# Task to complete
In the entries below, the lines from the one with "con LAURA CEPEDA" through the one with "tape storage global market report 2023" are to be copied exactly; both ends count.

============

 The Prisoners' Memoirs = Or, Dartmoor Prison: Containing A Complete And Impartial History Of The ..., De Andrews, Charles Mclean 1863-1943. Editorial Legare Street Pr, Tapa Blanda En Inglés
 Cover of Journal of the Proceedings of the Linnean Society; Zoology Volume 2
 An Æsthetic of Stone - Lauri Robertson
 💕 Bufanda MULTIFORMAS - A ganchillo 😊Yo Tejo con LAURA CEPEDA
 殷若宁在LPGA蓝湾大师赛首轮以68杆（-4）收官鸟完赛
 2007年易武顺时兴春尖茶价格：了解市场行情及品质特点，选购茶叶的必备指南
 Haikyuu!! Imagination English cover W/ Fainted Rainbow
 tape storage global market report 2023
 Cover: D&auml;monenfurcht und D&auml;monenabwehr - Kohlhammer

============

# Response for this exercise
 💕 Bufanda MULTIFORMAS - A ganchillo 😊Yo Tejo con LAURA CEPEDA
 殷若宁在LPGA蓝湾大师赛首轮以68杆（-4）收官鸟完赛
 2007年易武顺时兴春尖茶价格：了解市场行情及品质特点，选购茶叶的必备指南
 Haikyuu!! Imagination English cover W/ Fainted Rainbow
 tape storage global market report 2023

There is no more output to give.